Even so, Transcendence is fairly fascinating, at least for the initial hour, concepts of self, identity and what it means to be human played out in cybernetic realm that feels startlingly authentic. Evelyn’s love for Will is so all-encompassing she has trouble spying the potential dangers shining brightly in front of her. At the same time, Max can’t help but question what it is the pair of them has done the moment his friend’s intellect and consciousness claim to still be of working order, the thought of what he’ll do if uploaded to the internet chilling him to the bone.

It’s in these building block portions that Pfister does his best work. He imparts a ton of information, the levels of exposition needing to be explained so all that’s transpiring makes even passing sense staggering, but does so in a way that is consistently easy to keep track of. Without talking down to the audience or belittling the viewer’s intelligence he nonetheless finds a way to explain what is going on in easily digestible fragments, Jess Hall’s (The Spectacular Now) cinematography and David Rosenbloom’s (The Insider) editing filling in the blanks allowing him to strip away the dialogue without losing an ounce of narrative clarity in the process.

If only the second hour could say the same. At a certain point, Paglen’s script transforms from heady, what-if scientific thriller cum horror story into a rather ungainly and unfocused action flick, explosions and gunfire taking the place of thoughtfulness and clarity. The movie sets up an intriguing scenario filled with tons of curious characters all with interesting stories aching to be told only to lose sight of them as things rush towards the somewhat inevitable conclusion. There just isn’t the time to make any of this work like it should, and the moment Morgan Freeman’s fellow scientist and Cillian Murphy’s chilly FBI agent reenter the proceedings (they’re around during the initial sequences when Will gets shot) things almost can’t help but fall disappointingly off the rails.

It’s too bad, because for a while there Pfister had me happily in his pocket, eagerly lapping up what it was he wanted to show me and excited to discover in which direction things were going to go to next. Hall is extremely strong as a wife driven beyond all limits of known sanity to fight for her husband’s survival while Bettany is wonderful as a man eager to help her do it only to begin to shrivel in horror once the realization of what they’ve done starts to sink in. The pair anchor the first 60-plus minutes with remarkable, robust ease, each going in differing directions only to come full circle once things almost inevitably spiral back in on top of themselves during the climactic act.

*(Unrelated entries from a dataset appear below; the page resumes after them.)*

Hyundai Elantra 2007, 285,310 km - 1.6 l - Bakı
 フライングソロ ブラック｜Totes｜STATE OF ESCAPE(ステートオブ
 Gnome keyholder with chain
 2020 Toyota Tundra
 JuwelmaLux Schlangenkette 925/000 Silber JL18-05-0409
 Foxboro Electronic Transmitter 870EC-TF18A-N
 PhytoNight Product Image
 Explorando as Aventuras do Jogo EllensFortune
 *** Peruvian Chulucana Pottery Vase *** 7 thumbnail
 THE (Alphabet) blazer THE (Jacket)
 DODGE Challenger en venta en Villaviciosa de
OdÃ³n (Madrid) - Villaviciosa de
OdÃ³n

The problem is that when the horror of the situation finally reveals itself by and large the complex characterizations needed to make these happenings resonate never has fully materialized. While Evelyn does remain front and center for the majority of the picture, Max sadly disappears for a great deal of the running time only to reemerge as something of a completely different person than the one we are introduced to at the start. On top of that, the supporting cast, including Freeman, Murphy, Kate Mara, Cole Hauser, Clifton Collins Jr., Josh Stewart, Xander Berkeley and Lukas Haas are almost universally wasted, none of them given near enough to do to make any of their collective actions matter in ways that mean anything substantive.

Even so, Transcendence is hardly a waste of time. Pfister’s visual style, honed to perfection working for Christopher Nolan for over a decade, is in grand display, and for a good portion of the film he manages to do a marvelous job masking the majority of the narrative shortcomings giving things an undeniable urgency that’s invigorating. More than that, he stages a glorious final scene near the end between Depp and Hall that encapsulated many of the inherent themes and ideas contained within Paglen’s script beautifully, bringing subtly wangled tears to my eyes I wasn’t even slightly ashamed to shed.

That the movie doesn’t ultimately work is decidedly a problem but that doesn’t make the experience of watching it any less riveting, and as failures go this is arguably one I’ll be thinking about and pondering for many months to come.